人が亡くなった時、その故人が所有されていた財産は遺族=法定相続人同士で分割されて引き継がれます。

しかし、中には独身で兄弟もいない、両親も既に他界している等、法定相続人が全くいないケースもあります。そのような場合では、遺産は一体どうなるのでしょうか。

 

法定相続人や受遺者が存在しないケースとは

(1)身寄りが全くいない

 
法定相続人となる親族の範囲と順位は民法で決められています。

ですが、被相続人が独身者で、兄弟姉妹もおらず、両親も他界しているなら、法定相続人はいないことになります。

 

(2)法定相続人が全員相続放棄をした

 
相続放棄をすればその相続人は最初からいなかったことになります。また、相続放棄をすると、その相続人の子供に相続権が移る代襲相続はできません。

よって、法定相続人となれる範囲の方全員が相続放棄をした場合、相続人は不在となります。

 

(3)遺言書がない

 
身寄りが全くおらず、遺言書によって財産の渡し相手を指定していないのであれば、受遺者も存在しません。

なお、受遺者は遺言者が自由に選べるので、家族以外の知人や恩師、法人でも指定が可能です。

 

(4)法定相続人が行方不明の場合

 
法定相続人と全く連絡が取れず居場所もわからない場合、不在者財産管理人を立てて相続手続きをすることになります。不在者財産管理人は、行方不明者の財産を本人に代わって管理する方のことで、家庭裁判所への申し立てで選任されます。

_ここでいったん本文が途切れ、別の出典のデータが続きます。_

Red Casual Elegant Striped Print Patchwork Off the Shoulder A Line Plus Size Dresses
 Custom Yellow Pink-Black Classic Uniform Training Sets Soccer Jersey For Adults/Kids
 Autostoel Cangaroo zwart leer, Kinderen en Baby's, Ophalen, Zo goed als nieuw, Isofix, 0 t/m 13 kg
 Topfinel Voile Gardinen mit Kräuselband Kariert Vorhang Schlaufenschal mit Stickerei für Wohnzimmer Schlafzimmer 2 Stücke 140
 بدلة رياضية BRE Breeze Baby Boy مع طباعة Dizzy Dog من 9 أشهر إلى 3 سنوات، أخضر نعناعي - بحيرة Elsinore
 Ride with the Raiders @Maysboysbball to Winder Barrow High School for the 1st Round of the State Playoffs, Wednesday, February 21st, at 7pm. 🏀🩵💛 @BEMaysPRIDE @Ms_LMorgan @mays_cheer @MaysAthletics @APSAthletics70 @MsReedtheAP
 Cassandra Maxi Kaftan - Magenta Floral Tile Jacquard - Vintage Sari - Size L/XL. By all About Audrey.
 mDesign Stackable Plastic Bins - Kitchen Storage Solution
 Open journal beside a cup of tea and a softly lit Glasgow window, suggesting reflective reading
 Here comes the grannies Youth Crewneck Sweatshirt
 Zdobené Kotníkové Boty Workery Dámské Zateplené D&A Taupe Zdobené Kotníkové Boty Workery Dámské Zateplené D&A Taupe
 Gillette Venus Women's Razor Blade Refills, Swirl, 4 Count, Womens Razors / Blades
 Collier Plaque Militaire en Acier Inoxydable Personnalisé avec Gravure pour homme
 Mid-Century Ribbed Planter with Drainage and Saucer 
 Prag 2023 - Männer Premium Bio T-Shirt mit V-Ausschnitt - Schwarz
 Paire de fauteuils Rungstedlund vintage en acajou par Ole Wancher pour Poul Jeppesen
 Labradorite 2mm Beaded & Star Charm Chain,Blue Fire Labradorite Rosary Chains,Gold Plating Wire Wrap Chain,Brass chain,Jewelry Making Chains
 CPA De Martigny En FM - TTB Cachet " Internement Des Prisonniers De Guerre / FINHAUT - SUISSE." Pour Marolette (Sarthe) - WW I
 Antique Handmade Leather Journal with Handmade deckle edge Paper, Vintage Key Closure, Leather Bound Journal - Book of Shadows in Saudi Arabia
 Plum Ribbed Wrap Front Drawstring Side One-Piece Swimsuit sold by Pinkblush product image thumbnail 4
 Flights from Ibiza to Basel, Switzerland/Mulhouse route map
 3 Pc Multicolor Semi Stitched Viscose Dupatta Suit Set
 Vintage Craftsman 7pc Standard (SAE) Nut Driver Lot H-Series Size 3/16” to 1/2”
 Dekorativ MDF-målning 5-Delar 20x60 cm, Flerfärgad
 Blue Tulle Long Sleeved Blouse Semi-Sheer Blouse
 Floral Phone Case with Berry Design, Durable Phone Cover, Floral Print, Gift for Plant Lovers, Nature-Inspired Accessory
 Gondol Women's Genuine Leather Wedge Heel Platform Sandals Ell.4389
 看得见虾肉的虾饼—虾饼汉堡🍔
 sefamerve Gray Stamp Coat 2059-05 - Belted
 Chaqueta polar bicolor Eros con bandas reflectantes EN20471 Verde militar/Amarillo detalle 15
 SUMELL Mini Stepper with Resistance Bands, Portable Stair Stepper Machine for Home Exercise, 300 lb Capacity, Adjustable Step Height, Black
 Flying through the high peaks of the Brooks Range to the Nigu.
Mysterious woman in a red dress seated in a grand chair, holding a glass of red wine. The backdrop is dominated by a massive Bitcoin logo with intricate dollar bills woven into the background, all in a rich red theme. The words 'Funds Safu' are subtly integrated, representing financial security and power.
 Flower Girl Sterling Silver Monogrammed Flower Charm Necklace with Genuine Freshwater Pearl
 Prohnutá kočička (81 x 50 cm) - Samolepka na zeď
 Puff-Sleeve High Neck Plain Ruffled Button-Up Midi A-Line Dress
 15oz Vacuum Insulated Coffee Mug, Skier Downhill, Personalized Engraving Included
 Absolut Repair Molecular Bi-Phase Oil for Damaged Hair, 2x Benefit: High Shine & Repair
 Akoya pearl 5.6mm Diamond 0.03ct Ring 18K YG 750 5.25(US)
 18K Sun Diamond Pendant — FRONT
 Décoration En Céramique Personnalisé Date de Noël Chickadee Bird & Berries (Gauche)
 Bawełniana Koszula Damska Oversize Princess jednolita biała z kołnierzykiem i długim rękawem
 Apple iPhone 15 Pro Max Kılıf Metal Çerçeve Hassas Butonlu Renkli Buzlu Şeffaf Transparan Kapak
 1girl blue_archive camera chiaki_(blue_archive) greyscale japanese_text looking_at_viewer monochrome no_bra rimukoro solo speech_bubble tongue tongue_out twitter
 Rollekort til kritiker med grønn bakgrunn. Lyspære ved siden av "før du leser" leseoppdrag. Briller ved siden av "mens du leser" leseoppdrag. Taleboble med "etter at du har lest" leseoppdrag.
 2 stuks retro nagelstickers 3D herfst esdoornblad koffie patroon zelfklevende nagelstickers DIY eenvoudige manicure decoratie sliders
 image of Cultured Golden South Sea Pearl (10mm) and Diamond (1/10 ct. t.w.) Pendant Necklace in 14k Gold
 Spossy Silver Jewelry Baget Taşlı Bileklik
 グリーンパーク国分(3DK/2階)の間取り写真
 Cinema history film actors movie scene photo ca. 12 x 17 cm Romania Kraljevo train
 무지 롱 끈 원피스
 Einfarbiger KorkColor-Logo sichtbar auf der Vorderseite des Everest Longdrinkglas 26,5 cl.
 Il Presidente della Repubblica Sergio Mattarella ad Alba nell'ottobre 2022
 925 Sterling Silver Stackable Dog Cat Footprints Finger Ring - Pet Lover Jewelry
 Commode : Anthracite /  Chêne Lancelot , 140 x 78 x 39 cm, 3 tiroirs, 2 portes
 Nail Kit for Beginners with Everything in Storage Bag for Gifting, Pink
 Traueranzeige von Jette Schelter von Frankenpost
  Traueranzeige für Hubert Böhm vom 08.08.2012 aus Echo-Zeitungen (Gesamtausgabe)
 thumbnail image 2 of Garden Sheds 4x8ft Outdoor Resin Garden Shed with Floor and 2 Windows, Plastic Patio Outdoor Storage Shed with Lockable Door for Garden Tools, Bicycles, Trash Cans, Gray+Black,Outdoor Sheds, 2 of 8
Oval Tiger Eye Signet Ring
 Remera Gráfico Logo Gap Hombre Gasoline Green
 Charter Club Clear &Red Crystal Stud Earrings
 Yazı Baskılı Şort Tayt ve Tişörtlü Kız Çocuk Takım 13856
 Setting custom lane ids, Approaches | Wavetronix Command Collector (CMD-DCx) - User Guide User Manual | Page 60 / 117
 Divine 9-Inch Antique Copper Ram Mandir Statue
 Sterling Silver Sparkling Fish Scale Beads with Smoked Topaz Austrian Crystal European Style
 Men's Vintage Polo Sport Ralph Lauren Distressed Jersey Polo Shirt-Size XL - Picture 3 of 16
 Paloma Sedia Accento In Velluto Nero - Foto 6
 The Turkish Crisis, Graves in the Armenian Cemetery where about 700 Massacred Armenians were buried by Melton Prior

7年以上といった長期的に行方がわからない場合や、災害に遭っている場合は、死亡の可能性が高いために家庭裁判所に失踪宣告を申し立てます。失踪宣告が認められれば、該当者は死亡したことになります。

そのため、他に法定相続人がいなければ相続人不存在になります。

 

遺産は最終的に国庫に帰属

相続人が全くいないことが確認されれば、相続財産の管理のために「相続財産管理人」が選定されます。これは家庭裁判所によって選定されますが、大抵は地域の弁護士が担当します。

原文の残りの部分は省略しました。